▸ Task prompt
In the records below, find the line containing "this 480×320 image." and transcribe it and every line after it exactly; leave the pictures out.

Start of Supplied data

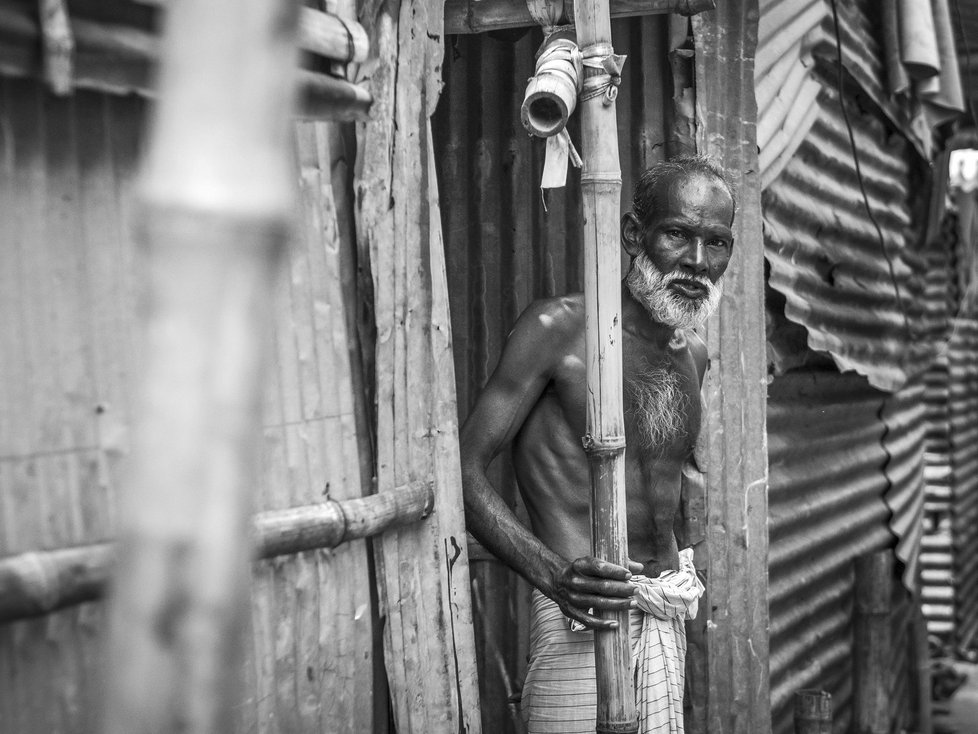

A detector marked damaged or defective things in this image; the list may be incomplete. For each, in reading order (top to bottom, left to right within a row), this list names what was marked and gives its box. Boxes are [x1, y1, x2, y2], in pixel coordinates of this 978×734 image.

rusted tin wall [0, 76, 378, 734]
rusted tin wall [434, 20, 672, 734]
rusted tin wall [768, 374, 896, 734]
rusted tin wall [944, 320, 976, 652]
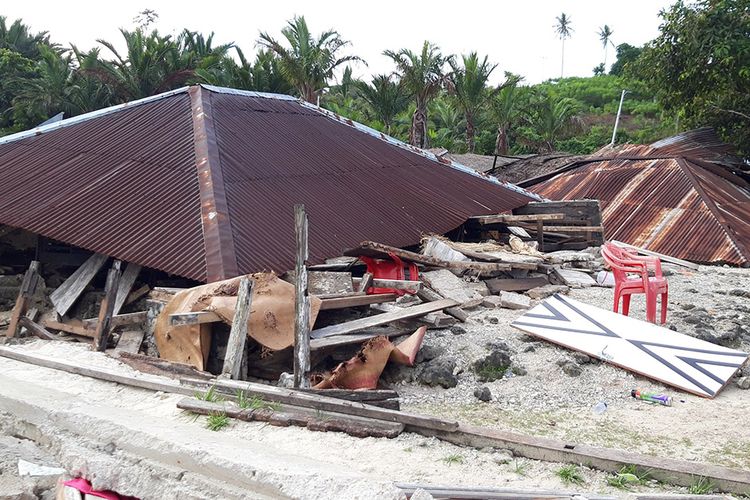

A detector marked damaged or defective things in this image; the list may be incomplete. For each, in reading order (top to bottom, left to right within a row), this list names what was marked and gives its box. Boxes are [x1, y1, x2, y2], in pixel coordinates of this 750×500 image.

rusty metal roofing [0, 85, 540, 282]
rusty metal roofing [528, 132, 750, 266]
damaged wooden plank [4, 260, 40, 338]
broken wooden beam [4, 260, 40, 338]
damaged wooden plank [49, 254, 108, 316]
broken wooden beam [49, 254, 108, 316]
damaged wooden plank [94, 260, 123, 354]
broken wooden beam [94, 260, 123, 354]
damaged wooden plank [112, 264, 142, 314]
broken wooden beam [222, 278, 254, 378]
damaged wooden plank [223, 278, 256, 378]
broken wooden beam [294, 204, 312, 390]
damaged wooden plank [294, 204, 312, 390]
damaged wooden plank [318, 292, 400, 308]
broken wooden beam [318, 292, 400, 310]
damaged wooden plank [310, 296, 458, 340]
broken wooden beam [310, 296, 458, 340]
damaged wooden plank [178, 398, 406, 438]
broken wooden beam [178, 398, 406, 438]
damaged wooden plank [185, 376, 462, 432]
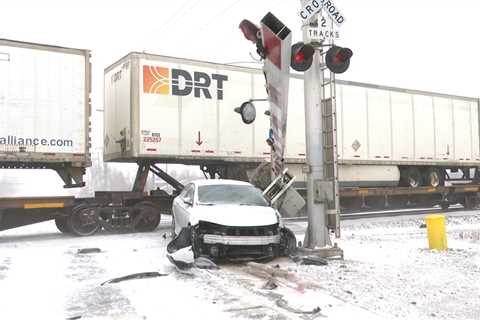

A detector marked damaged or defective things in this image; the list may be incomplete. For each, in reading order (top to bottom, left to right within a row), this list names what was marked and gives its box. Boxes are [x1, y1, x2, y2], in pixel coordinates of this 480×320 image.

crashed white car [169, 180, 296, 260]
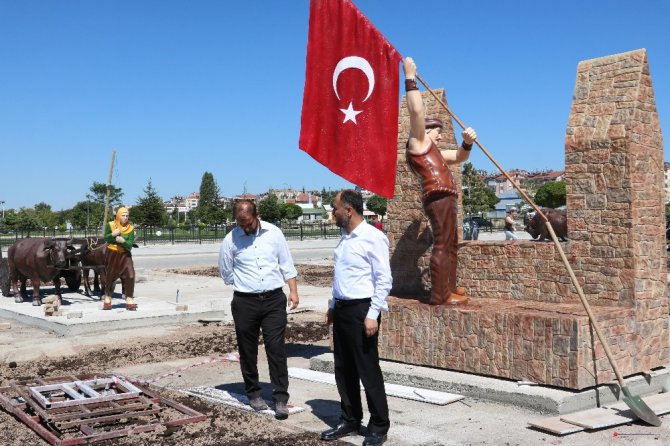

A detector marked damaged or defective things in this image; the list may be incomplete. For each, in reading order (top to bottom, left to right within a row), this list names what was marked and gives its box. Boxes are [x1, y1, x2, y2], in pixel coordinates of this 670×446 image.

rusty metal grid [0, 372, 209, 446]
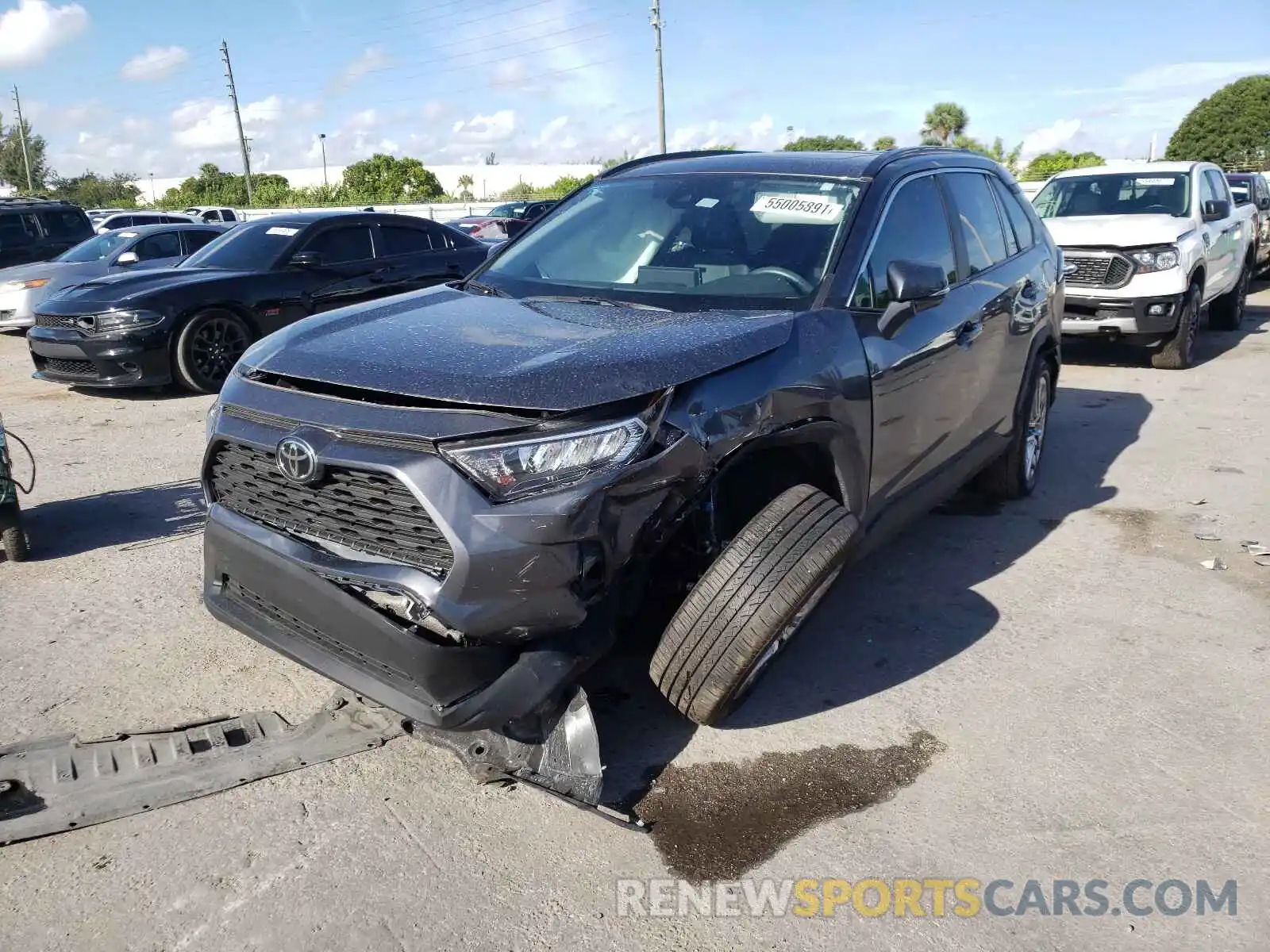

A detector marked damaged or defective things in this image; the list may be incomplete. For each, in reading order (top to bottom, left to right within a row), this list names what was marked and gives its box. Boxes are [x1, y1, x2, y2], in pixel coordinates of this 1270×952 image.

detached bumper cover [1056, 294, 1183, 340]
detached bumper cover [26, 324, 171, 388]
detached bumper cover [204, 510, 610, 736]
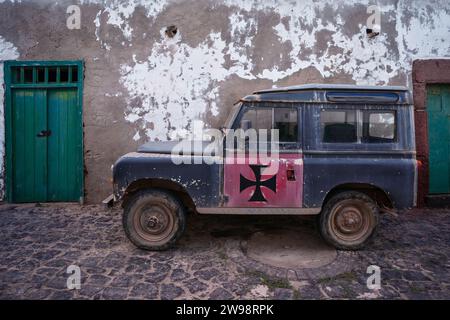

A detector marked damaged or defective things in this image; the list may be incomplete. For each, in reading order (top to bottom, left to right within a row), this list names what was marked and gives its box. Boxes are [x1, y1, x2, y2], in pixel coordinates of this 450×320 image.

End of Supplied data

▸ Solved exercise
A detector marked damaged or defective things in this image; the list may be incomplete. For each, in reading order (top to bottom, left to right within a row), this list names what was marked and gives its box. Boxes are [x1, y1, x2, y2], in pixel coordinates of this 480×320 image.

crashed white car [169, 180, 296, 260]

A detector marked damaged or defective things in this image; the list may be incomplete. For each, in reading order (top to bottom, left to right within a row), this list names what was marked and gives its box. Boxes are [x1, y1, x2, y2], in pixel coordinates of this 670×446 image.

rusty metal grid [0, 372, 209, 446]

A detector marked damaged or defective things in this image; the list may be incomplete. For each, in reading order (top to bottom, left to right within a row), this list names what was marked and gives its box. Boxes are [x1, y1, x2, y2], in pixel coordinates of this 1270×952 image.

detached bumper cover [1056, 294, 1183, 340]
detached bumper cover [26, 324, 171, 388]
detached bumper cover [204, 510, 610, 736]

A detector marked damaged or defective things in this image; the list may be incomplete. For each, in reading order (top to bottom, left to right within a row), this list names what was marked and gives its box. Boxes are [x1, y1, x2, y2], in pixel coordinates of this 450×320 image.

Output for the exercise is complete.